### Task goal
Transcribe word for word the section of the records below that opens with the line containing "I fortunately get" and closes with the line containing "Raise the cup"; drop every picture.

### Records provided

•••

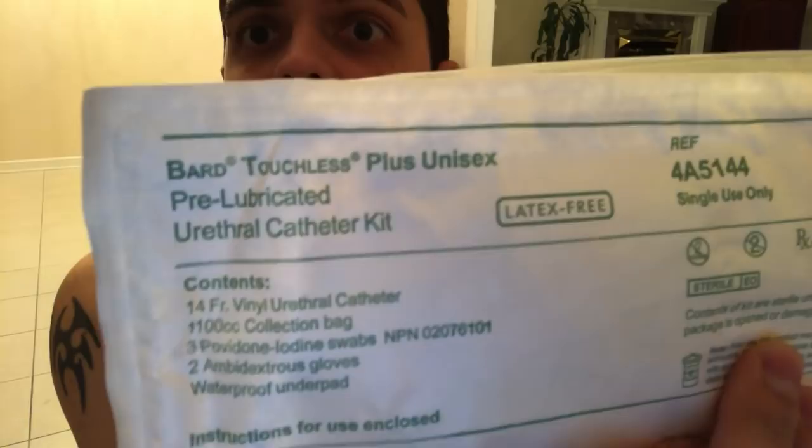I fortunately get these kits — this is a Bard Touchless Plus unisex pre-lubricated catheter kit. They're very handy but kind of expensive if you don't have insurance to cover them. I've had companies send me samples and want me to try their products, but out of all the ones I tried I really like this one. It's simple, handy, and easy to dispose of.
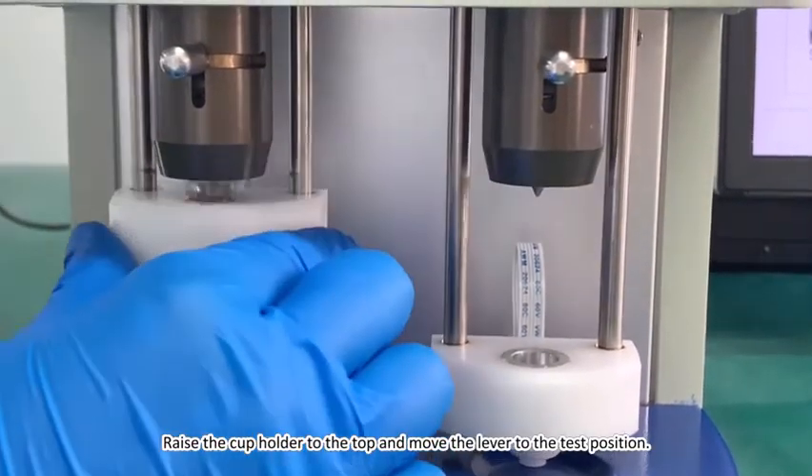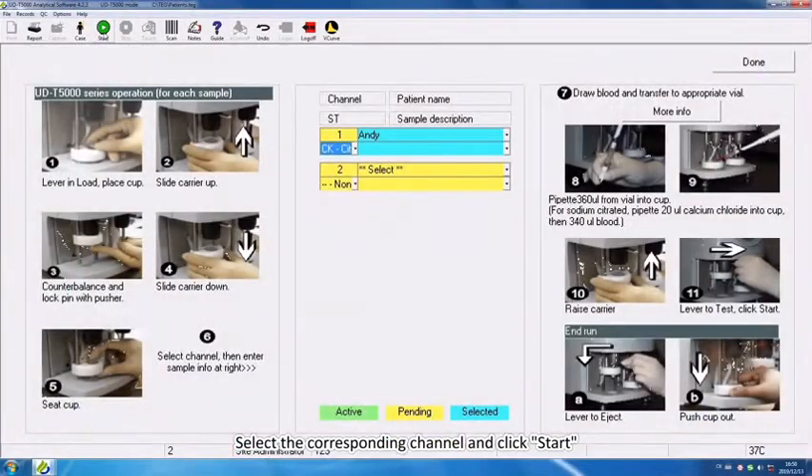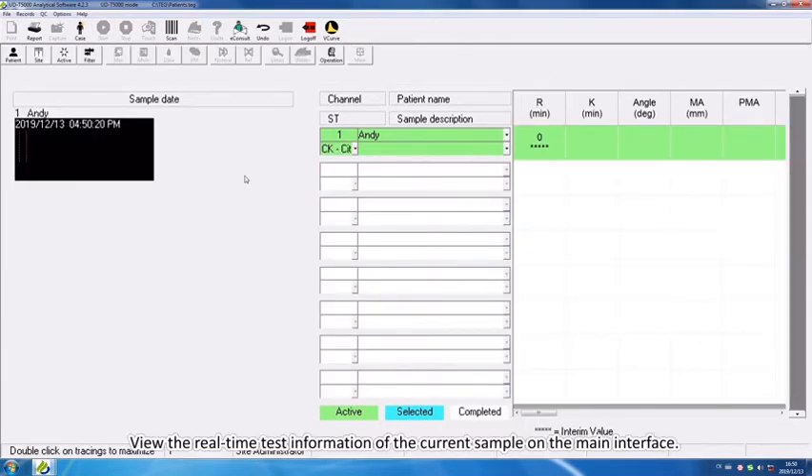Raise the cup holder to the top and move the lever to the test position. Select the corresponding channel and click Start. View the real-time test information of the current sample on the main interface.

•••

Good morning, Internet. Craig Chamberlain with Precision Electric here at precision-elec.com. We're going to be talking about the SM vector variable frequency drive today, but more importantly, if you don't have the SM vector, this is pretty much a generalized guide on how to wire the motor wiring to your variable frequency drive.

•••

### Answer box
I fortunately get these kits — this is a Bard Touchless Plus unisex pre-lubricated catheter kit. They're very handy but kind of expensive if you don't have insurance to cover them. I've had companies send me samples and want me to try their products, but out of all the ones I tried I really like this one. It's simple, handy, and easy to dispose of.
Raise the cup holder to the top and move the lever to the test position. Select the corresponding channel and click Start. View the real-time test information of the current sample on the main interface.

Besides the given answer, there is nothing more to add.